▸ **Supplied data**:
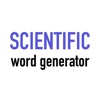 Scientific Word Generator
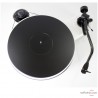 Platine vinyle Pro-Ject RPM 3 Carbon avec 2M Silver Platine vinyle Pro-Ject RPM 3 Carbon avec 2M Silver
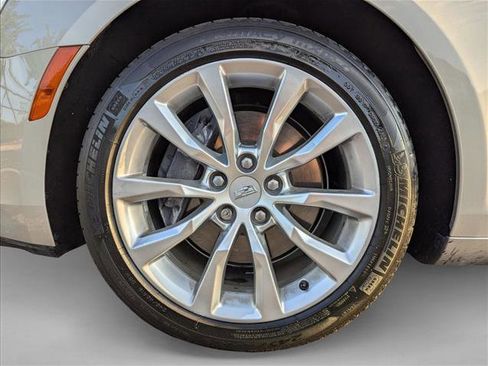 Used 2016 Cadillac XTS Luxury image 24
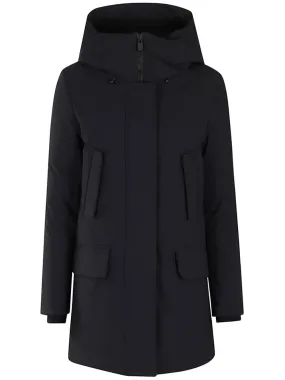 Soleil parka coat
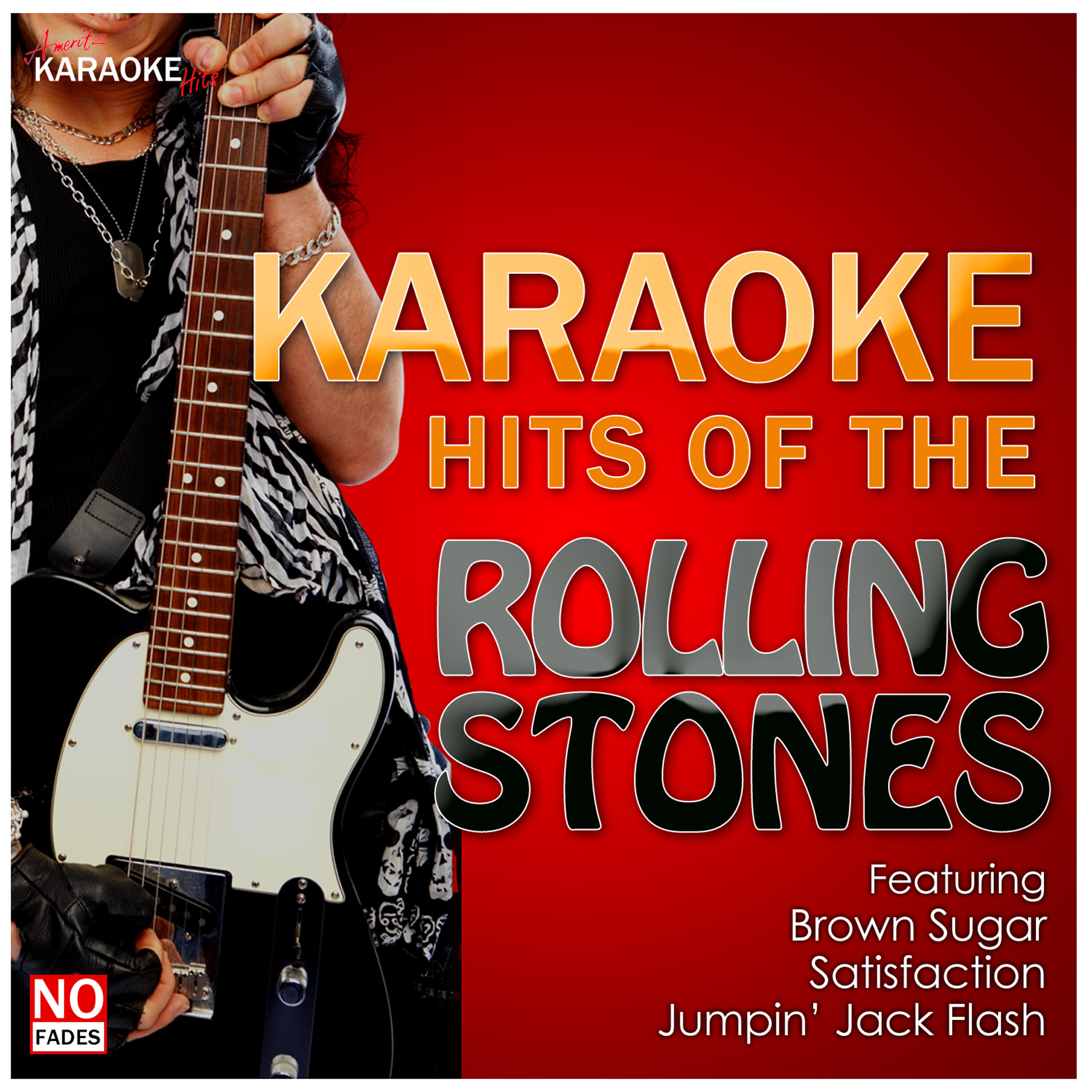 Ameritz Karaoke Hits - Time Is On My Side (In the Style of Rolling Stones) [Karaoke Version]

▸ **Task description**:
Reproduce the span beginning at the line with "Soleil parka coat" and ending at the last line of the entries above, inclusive, exactly as it stands. Exclude the pictures.

▸ **Exercise response**:
 Soleil parka coat
 Ameritz Karaoke Hits - Time Is On My Side (In the Style of Rolling Stones) [Karaoke Version]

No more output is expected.